**Work required:**
Write out the listing below without alteration, omitting its pictures.

───── Available data

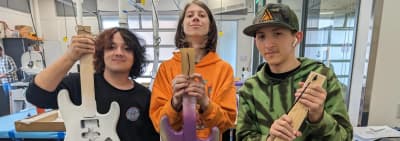 Newberg Catalyst High School students working on electric-guitar projects in a school lab.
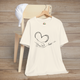 Natural color t-shirt with simple and elegant black line drawing of a hand, paw, heart, and flowing love script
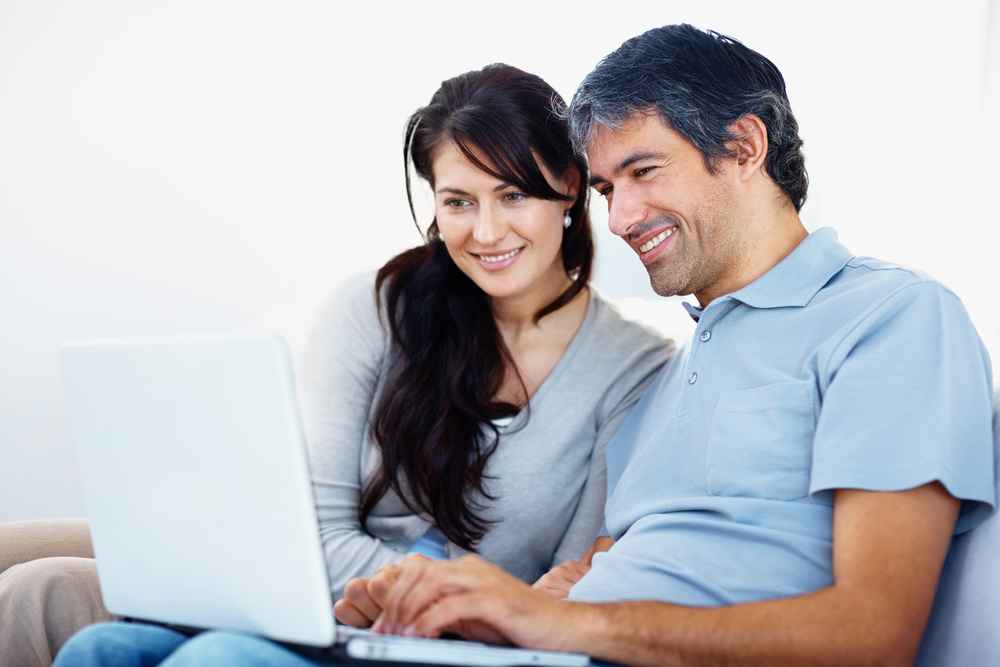 Couple using Laptop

──────────

**Expected answer:**
 Newberg Catalyst High School students working on electric-guitar projects in a school lab.
 Natural color t-shirt with simple and elegant black line drawing of a hand, paw, heart, and flowing love script
 Couple using Laptop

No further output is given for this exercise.